_Activity_
Below are entries; copy exactly the lines from the one with "Peserico Shiny Mesh Sweater In White" through the one with "00772. Panel de", both included, and leave out the rest.

Data extracts Block Start

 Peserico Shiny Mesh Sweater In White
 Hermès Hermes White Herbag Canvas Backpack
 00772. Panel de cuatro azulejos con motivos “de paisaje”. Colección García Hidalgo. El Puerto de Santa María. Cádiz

Data extracts Block End
Data extracts Block Start

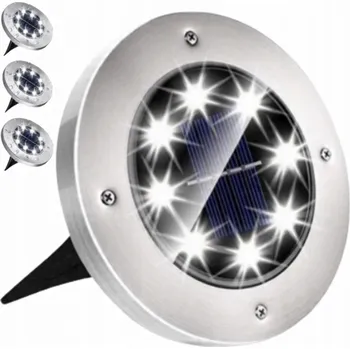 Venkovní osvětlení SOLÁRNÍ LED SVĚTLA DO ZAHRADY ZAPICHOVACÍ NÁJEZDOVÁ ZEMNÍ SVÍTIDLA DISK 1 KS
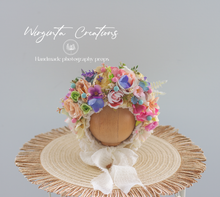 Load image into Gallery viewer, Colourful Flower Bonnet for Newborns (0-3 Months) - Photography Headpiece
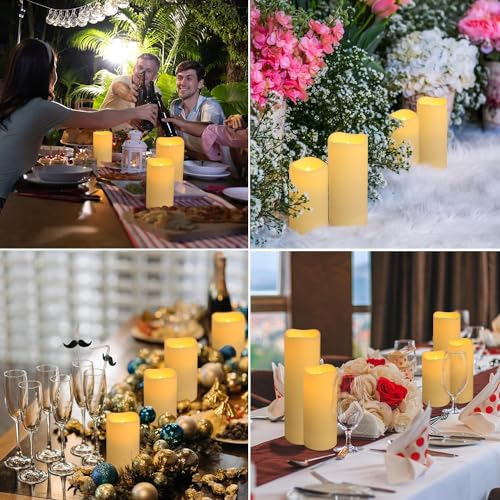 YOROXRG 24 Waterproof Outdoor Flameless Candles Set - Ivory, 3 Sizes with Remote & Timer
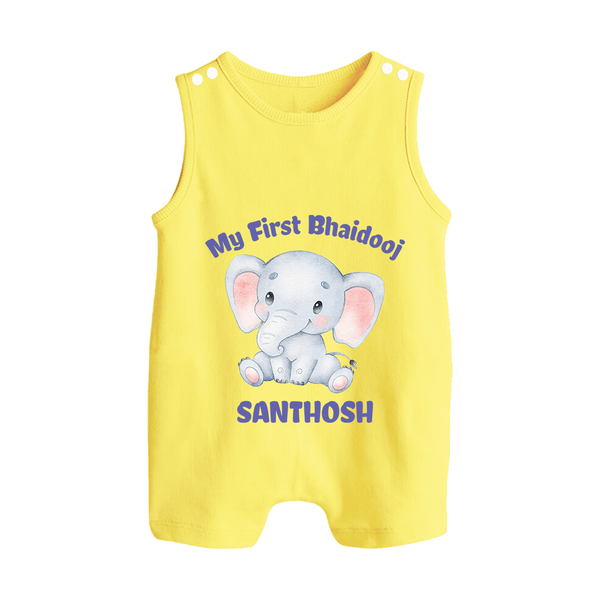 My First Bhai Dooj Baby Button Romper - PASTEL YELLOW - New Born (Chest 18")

Data extracts Block End

_Expected answer_
 Peserico Shiny Mesh Sweater In White
 Hermès Hermes White Herbag Canvas Backpack
 00772. Panel de cuatro azulejos con motivos “de paisaje”. Colección García Hidalgo. El Puerto de Santa María. Cádiz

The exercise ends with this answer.